Bing Maps stał się dla Microsoftu priorytetem numer jeden, jeśli chodzi o narzędzia nawigacyjne. Firma ogłosiła właśnie zakończenie rozwoju trzech swoich komercyjnych programów - MapPoint, Streets & Trips i AutoRoute.
"Od DOS po dyskietki, Microsoft zaliczył sporo zmian na przestrzeni lat. Dziś ogłaszamy koniec kolejnej ery. Microsoft zdecydował się przerwać kontynuowanie [rozwoju] Microsoft AutoRoute, Microsoft Streets & Trips i Microsoft MapPoint." - pisze na blogu zespół wsparcia technicznego MapPoint. Twórcy zamieścili krótką historię swoich starszych produktów, związanych z mapami. Początki AutoRoute sięgały 1989 r. gdy to mała grupa programistów z Wielkiej Brytanii - NextBase Limited - tworzyła program w wolnych chwilach. Swego czasu niemal połowa komputerów na Wyspach posiadała kopię programu. W 1994 r., gdy AutoRoute został wzbogacony o mapy innych państw, Microsoft przejął NextBase Limited, by wkrótce rozdzielić platformę na dwa programy: Streets & Trips dla USA i AutoRoute dla rynku europejskiego.
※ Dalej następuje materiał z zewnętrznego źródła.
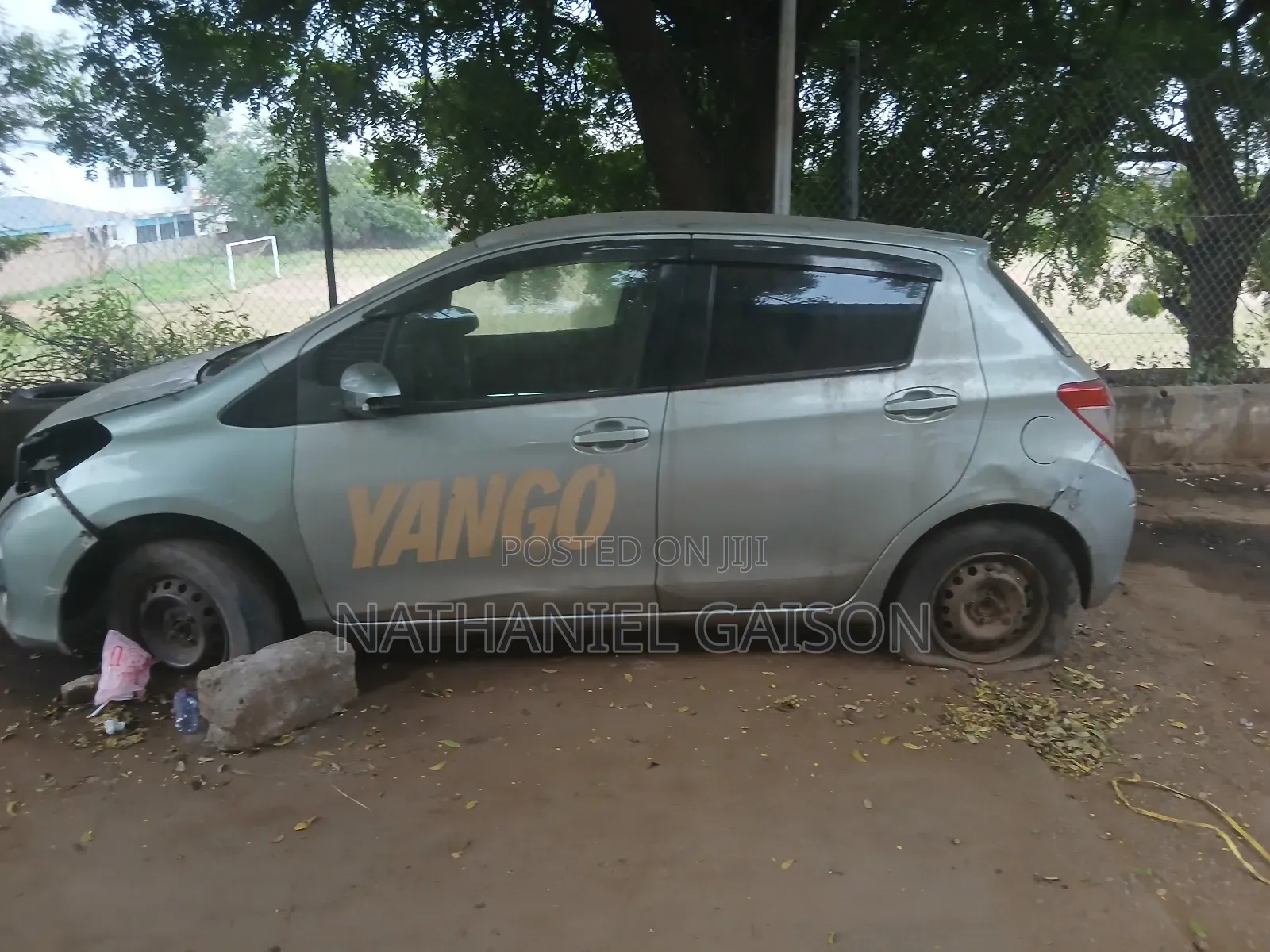 Toyota Vitz 2012 Silver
"Doceniamy wsparcie naszych wieloletnich użytkowników. Przerwanie dalszego rozwoju ulubionych, związanych z mapami programów Microsoftu, było trudną decyzją. Przejście na emeryturę owych produktów nie będzie miało jednak wpływu na już zainstalowane oprogramowanie. Aktualni użytkownicy mogą korzystać z Microsoft AutoRoute, Microsoft Streets & Trips i Microsoft MapPoint, by planować swoje podróże. Będą też posiadać wsparcie online do końca czerwca 2015 r." - tłumaczy zespół MapPoint.
Microsoft, "zamykając kolejną erę", utwierdził nas w przekonaniu, że czas samodzielnych programów nawigacyjnych to już zamierzchła przeszłość. Teraz Gigant proponuje migrację na Bing Maps. Platforma w ciągu ostatnich miesięcy przeszła sporą przemianę, oferując sporo nowych funkcjonalności i czyniąc przestarzałe programy zbędnymi.